The Court rejected the argument that fraud in which Valladares used her company in the scheme could not be counted for sentence enhancement purposes, or for calculating the restitution amount, finding that this part of the scheme was part of the "relevant conduct."
Finally, the Court rejected the argument that Ex Post Facto principles barred the imposition of forfeiture for the portion of the conspiracy that predated the effective date of one of the statutes of conviction. The Court noted that no Ex Post Facto violation occurs when a conspiracy does not end until after a statute takes effect.

Tuesday, October 14, 2008

Jackson: 851 approval not jurisdictional

In U.S. v. Jackson, No 07-13374 (Oct. 7, 2008), the Court held that the requirement that the government obtain approval for an appeal of a sentence from the Solicitor General was not jurisdictional. Thus, it rejected the argument that it lacked jurisdiction to consider the government’s appeal of the defendant’s sentence.

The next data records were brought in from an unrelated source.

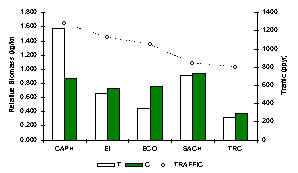 wpeB.jpg (8433 bytes)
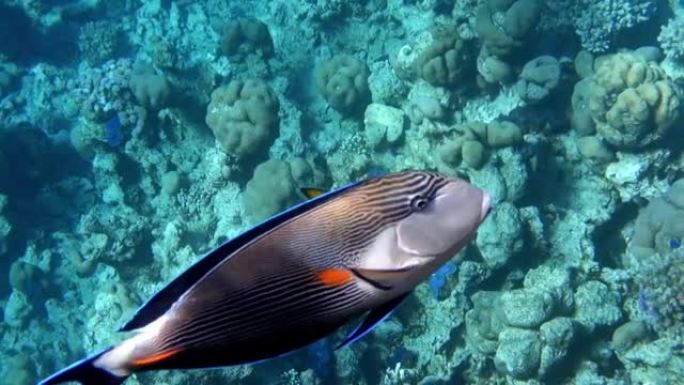 红海中的阿拉伯刺尾鱼 (Acanthurus Sohal)。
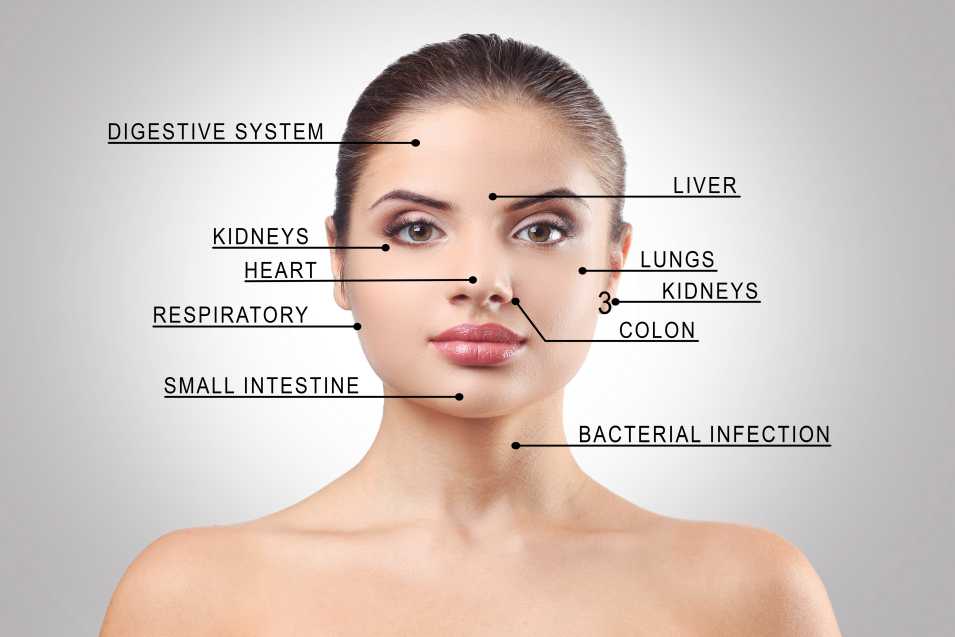 Ayurvedic Face Mapping For Acne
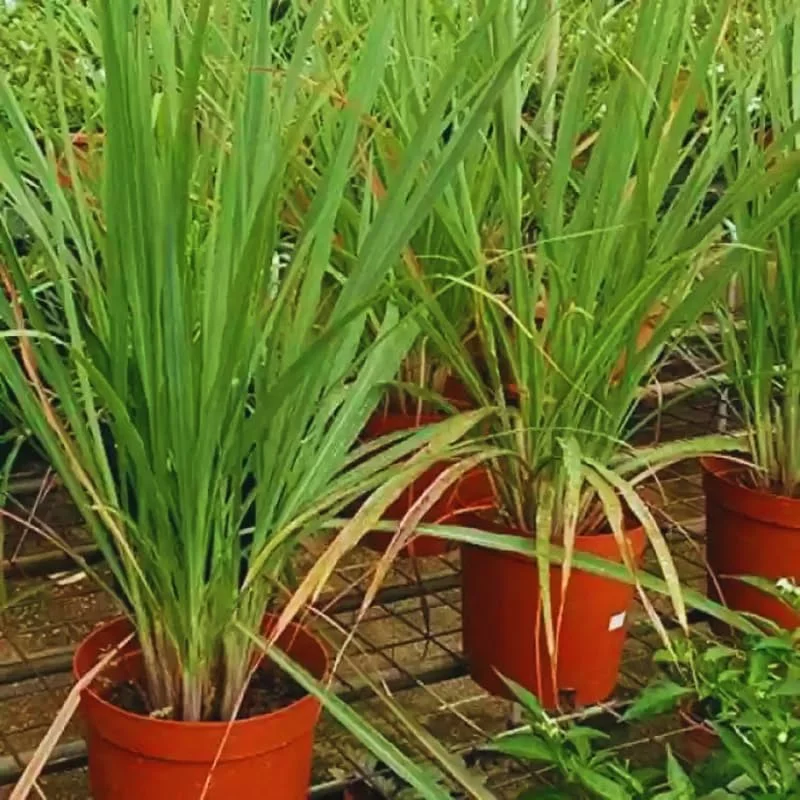 Combo 8 Big Lemon Grass Plants for Outside, Lemongrass Plants Live, No Pot, Well Rooted, Trim Back, Fresh Fragrant Lemon Grass Stalks Plants for Outside Live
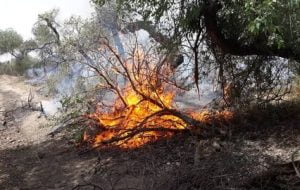 جنگل های کهگیلویه بویر احمد در آتش طمع می سوزد/سودجویی به قیمت نابودی منابع ملی!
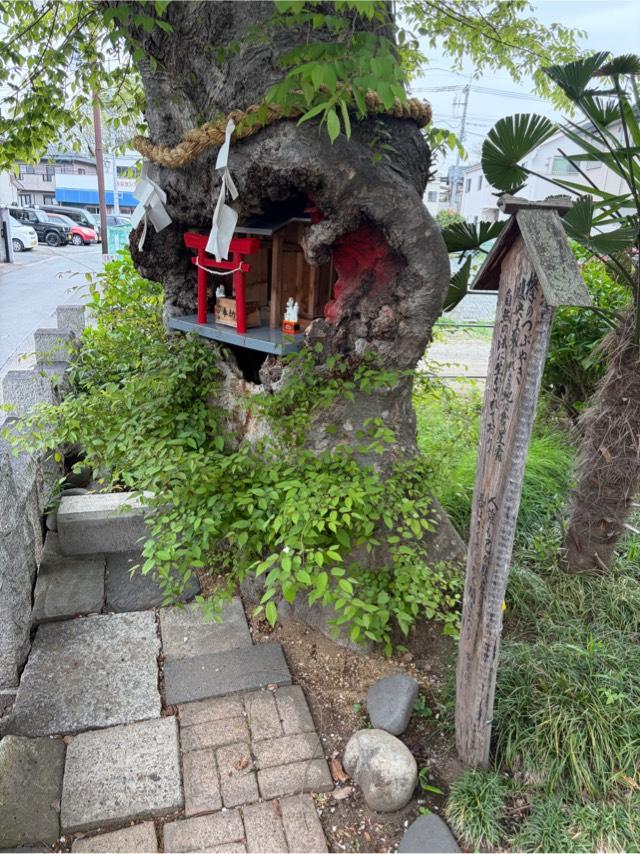 欅稲荷神社（桶川稲荷神社境内）の参拝記録1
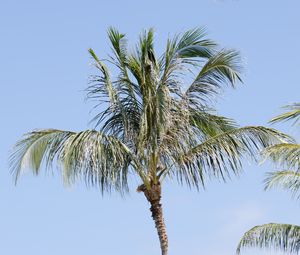 Preview wallpaper palm tree, branches, sky, nature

The Court also rejected the argument that, in order to appeal a district court’s striking of a sentence enhancement notice pursuant to 18 U.S.C. § 851, the government must appeal before sentencing.
The Court also rejected the argument that the government’s § 851 notice was defective because it was not personally signed or approved by the United States Attorney. The Court held that this power can be delegated to Assistant United States Attorneys.

Monday, October 06, 2008

Dombrowski: 5th Amend. Right Not "Clearly Established" for Prior Conviction Admissions

In Dombrowski v. Mingo, No. 05-13140 (Oct. 3, 2008), the Court affirmed the denial of habeas corpus relief to a Florida inmate, who claimed that a Florida state judge violated his Fifth Amendment privilege against self-incrimination when, without warning Mingo of the consequences, he asked Mingo to admit, for purposes of enhancing his sentence as a Florida "habitual offender," that he had several prior felony convictions.
The Court recognized that in Miranda the Supreme Court broadly stated the scope of the privilege, and recognized caselaw in other circuits which held that the privilege applies when a court inquires of a defendant’s previous convictions for habitual offender enhancement purposes. However, the Court noted that some circuits did not construe the Fifth Amendment to apply in this situation. Thus, the right was not "clearly established." Hence, the Florida state court’s failure to apprise Mingo of his Fifth Amendment privilege was not contrary to "clearly established" law – and therefore could not give rise to habeas corpus relief.